Please see the pdf attachment for the solutions.

Any help would be appreciated!

Thankyou!

**FernandoRevilla** · August 14th 2011, 11:24 PM

Originally Posted by AshleyT

Now, I understand how to get the kernel. But I have no idea what they are doing to get the image basis!

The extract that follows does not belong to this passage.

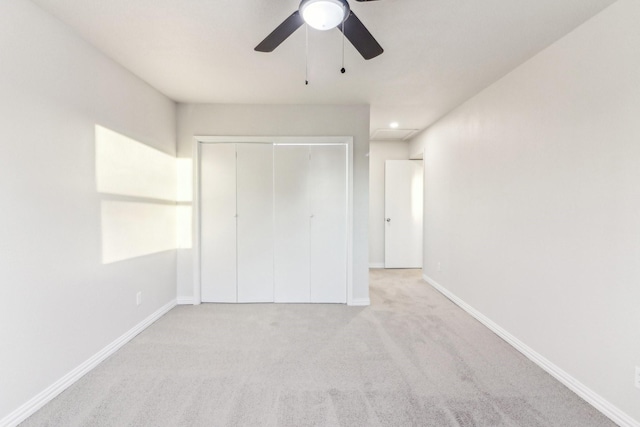 unfurnished bedroom with ceiling fan, a closet, and light colored carpet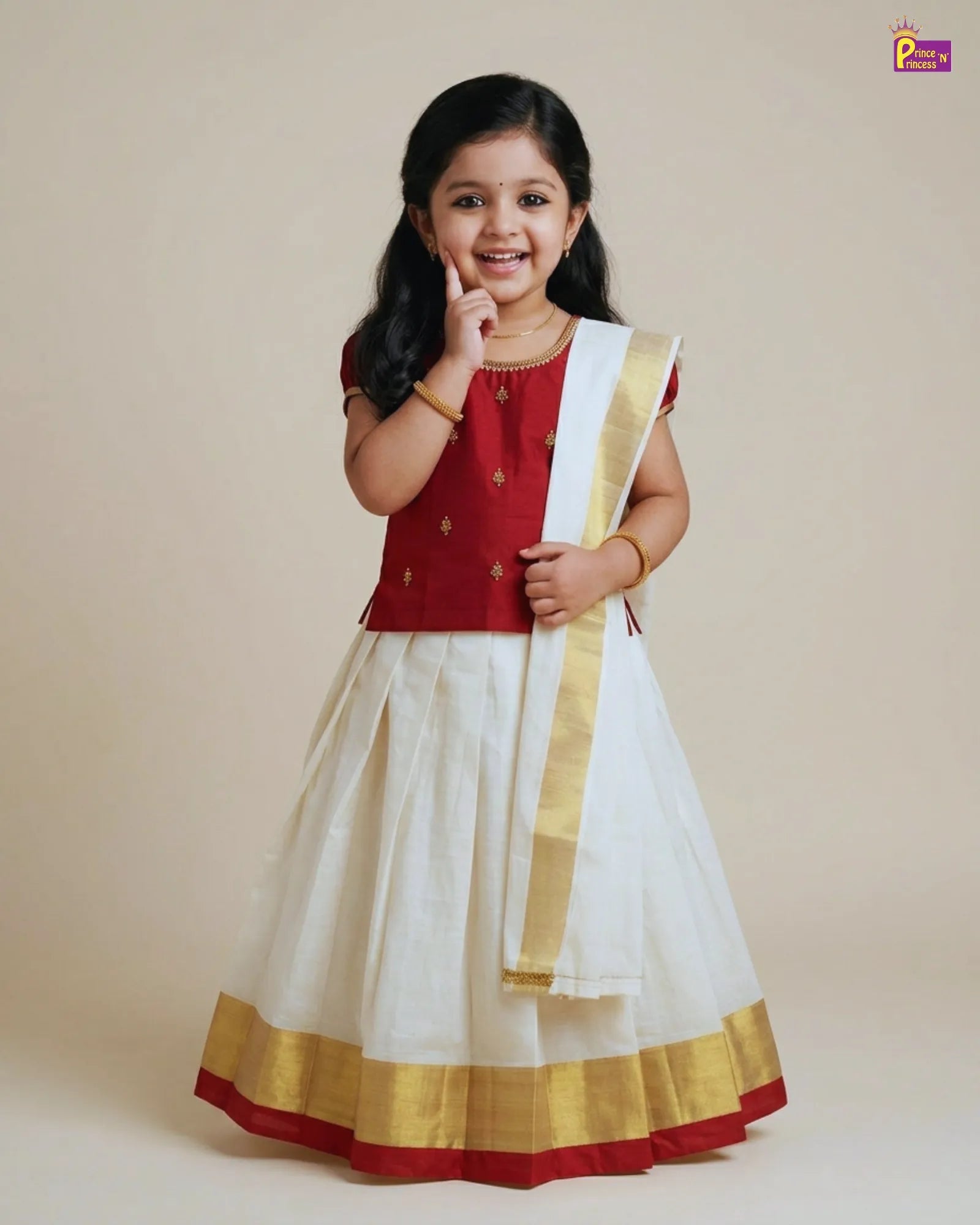 Young girl wearing a traditional outfit with a red blouse and white skirt on a beige background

In general, consider $A:\mathbb{R}^m\to\mathbb{R}^n$ and suppose $\{u_1,u_2,\ldots,u_r\}$ is a basis of $\ker A$ and $B=\{u_1,u_2,\ldots,u_r,u_{r+1},\ldots,u_m\}$ is a basis of $\mathbb{R}^m$ .Then, $\{Au_{r+1},\ldots,Au_m\}$ is a basis of $\textrm{Im}A$ . Try to prove it (it is not difficult) and ask if you have any doubt.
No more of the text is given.